BEGIN Dataset excerpts

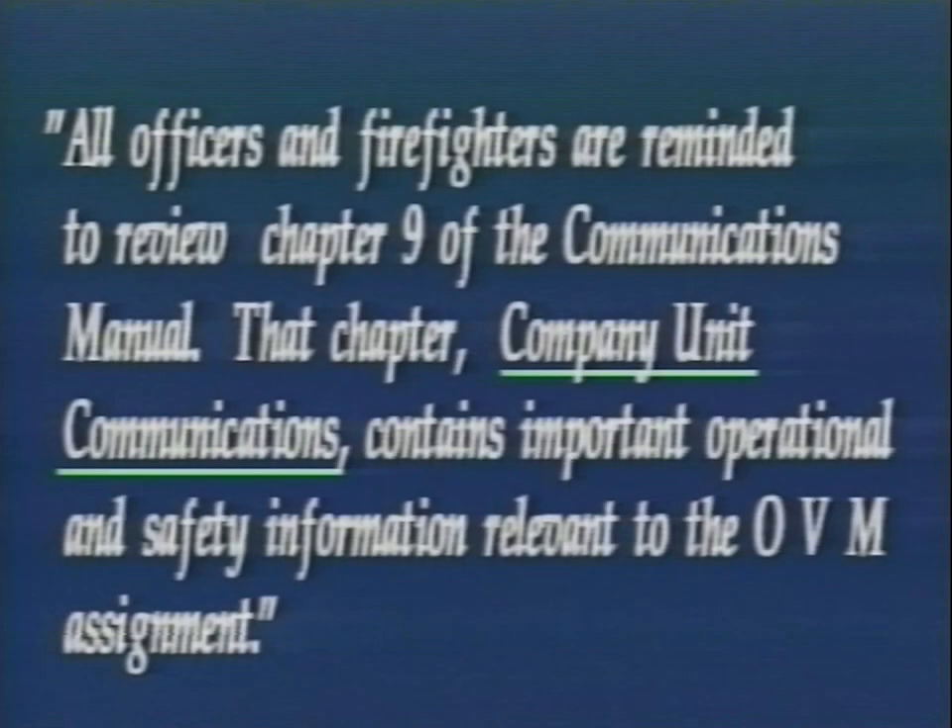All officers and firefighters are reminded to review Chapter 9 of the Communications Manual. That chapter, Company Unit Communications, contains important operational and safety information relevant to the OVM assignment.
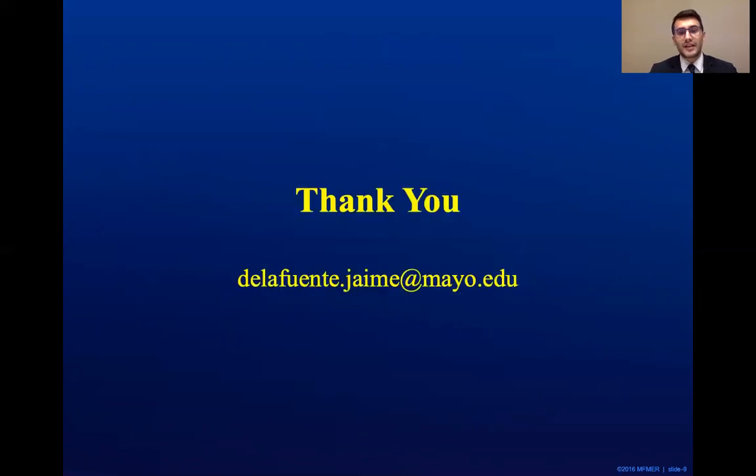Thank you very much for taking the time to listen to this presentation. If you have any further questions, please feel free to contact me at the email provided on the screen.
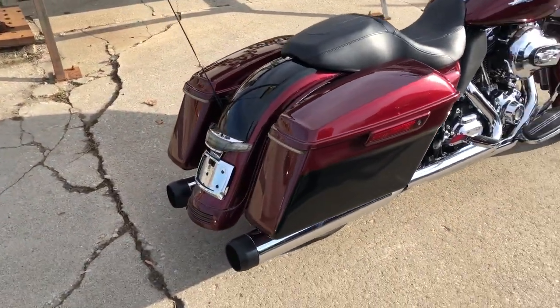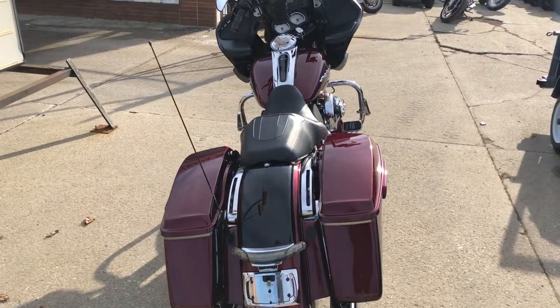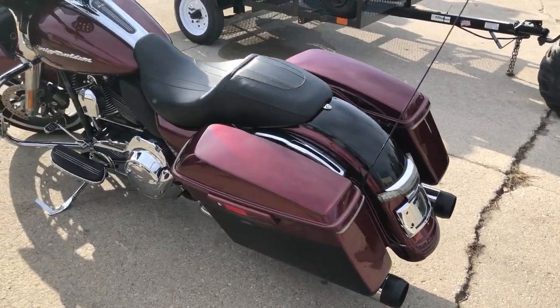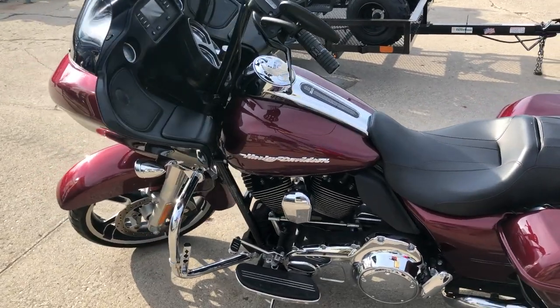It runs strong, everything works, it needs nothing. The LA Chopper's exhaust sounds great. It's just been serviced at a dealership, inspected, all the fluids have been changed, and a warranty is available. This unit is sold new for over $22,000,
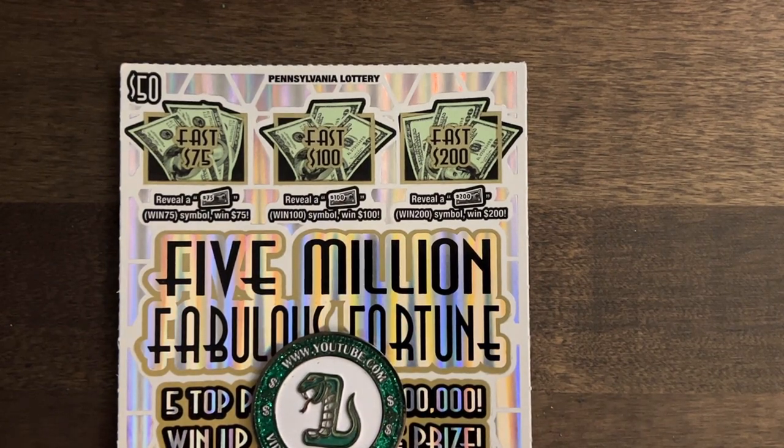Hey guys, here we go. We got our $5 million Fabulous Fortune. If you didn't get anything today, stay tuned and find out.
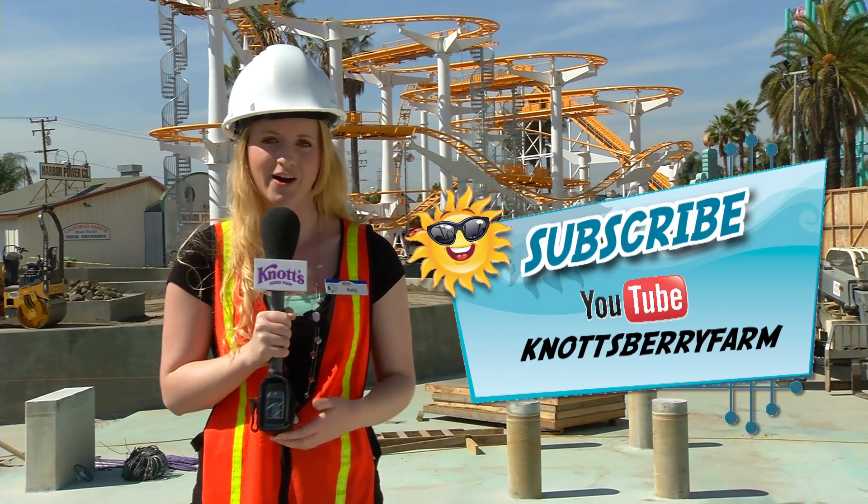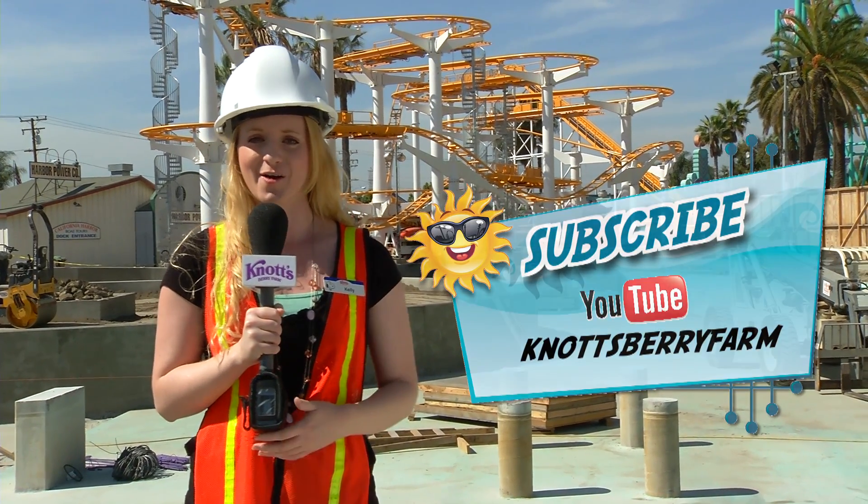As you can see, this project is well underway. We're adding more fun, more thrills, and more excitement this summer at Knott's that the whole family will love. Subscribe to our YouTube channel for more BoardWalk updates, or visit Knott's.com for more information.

END Dataset excerpts

Exercise description –
Please reproduce the entries above exactly, from their first line to the line holding "Thank you very" inclusive, and nothing else; the pictures stay out.

Output of the exercise –
All officers and firefighters are reminded to review Chapter 9 of the Communications Manual. That chapter, Company Unit Communications, contains important operational and safety information relevant to the OVM assignment.
Thank you very much for taking the time to listen to this presentation. If you have any further questions, please feel free to contact me at the email provided on the screen.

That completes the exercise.